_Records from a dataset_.
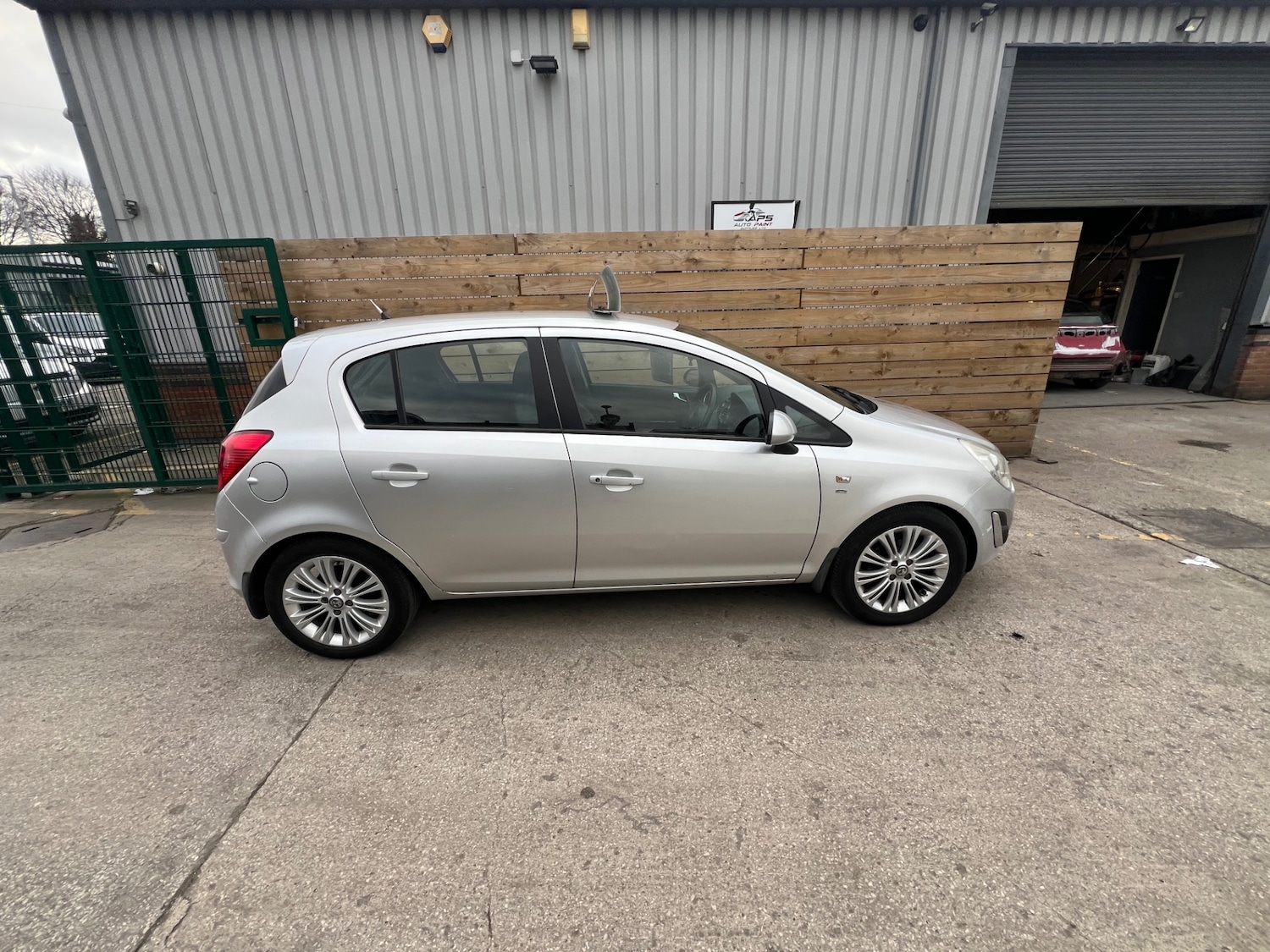 Used Vauxhall Corsa 2011 for sale - 77312748: Photo 7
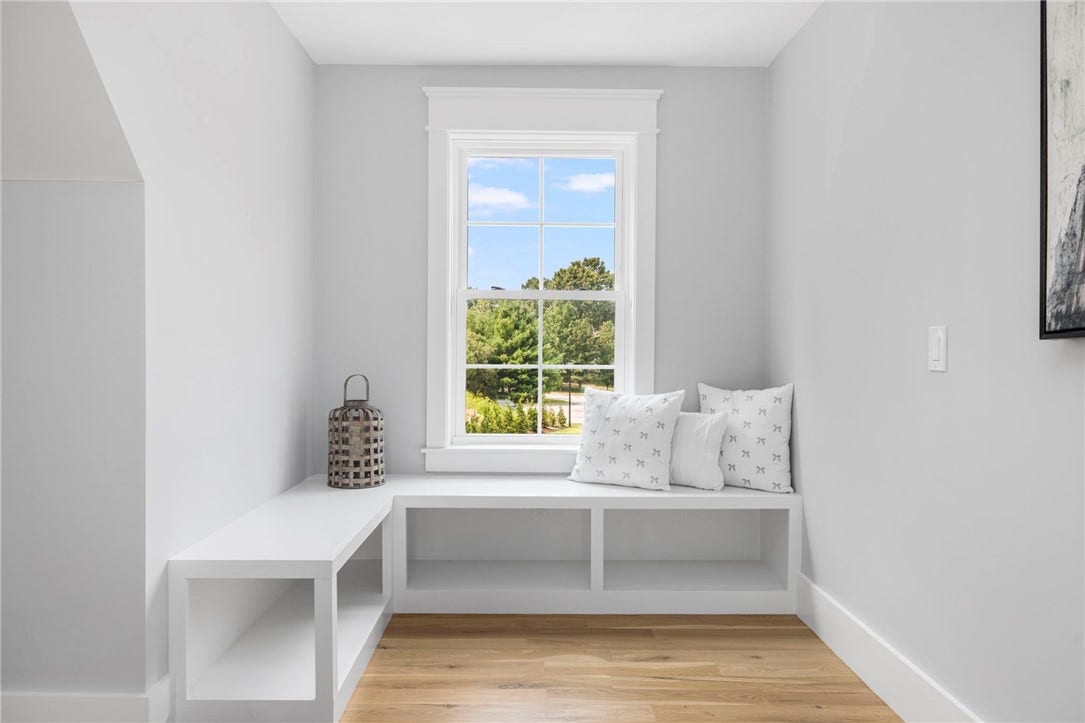 35 Beech Crest Road, East Greenwich, RI 02818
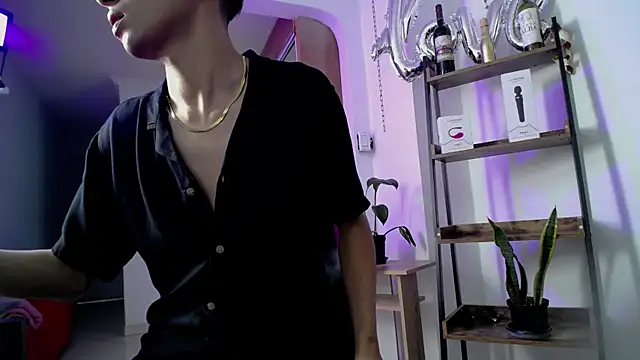 Dominic_Sweet Chatroom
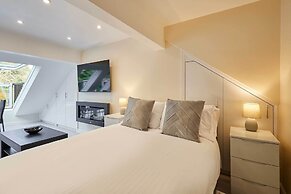 Host Stay Ross View Attic Apartment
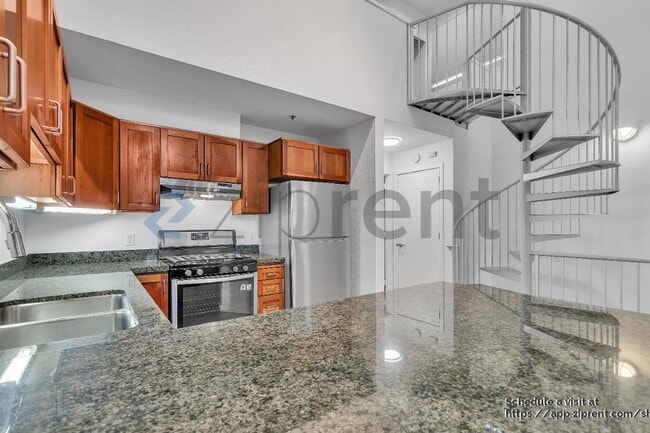 Building Photo - 950 Harrison St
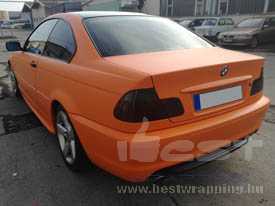 BMW e46 autófóliázás: KPMF matt narancssárga autó fóliával, üveghatású tetőfóliával 9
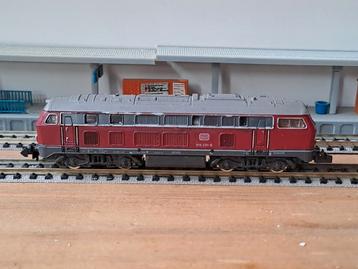 Roco N schaal DB dieselloc BR 215 met verlichting  beschikbaar voor biedingen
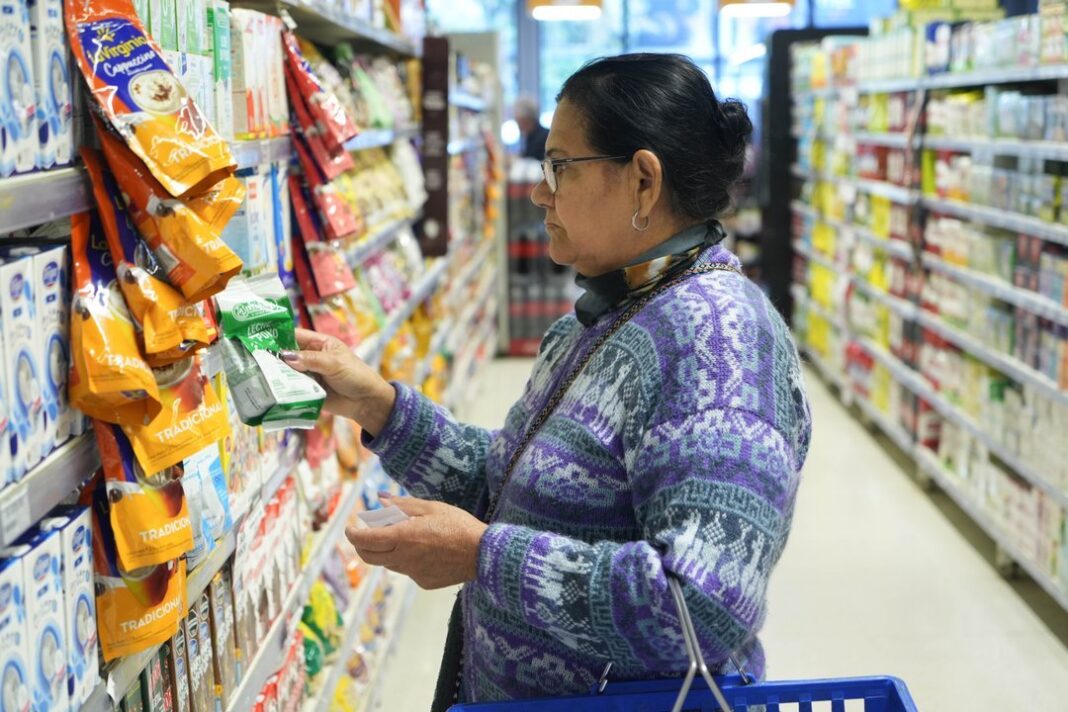 Gráfico de inflación con tendencia a la baja en Argentina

_TASK OBJECTIVE_. Copy, word for word, the entries above from the first line to the line that holds "BMW e46 autófóliázás: KPMF". Drop the pictures.

_ANSWER SPACE_.
 Used Vauxhall Corsa 2011 for sale - 77312748: Photo 7
 35 Beech Crest Road, East Greenwich, RI 02818
 Dominic_Sweet Chatroom
 Host Stay Ross View Attic Apartment
 Building Photo - 950 Harrison St
 BMW e46 autófóliázás: KPMF matt narancssárga autó fóliával, üveghatású tetőfóliával 9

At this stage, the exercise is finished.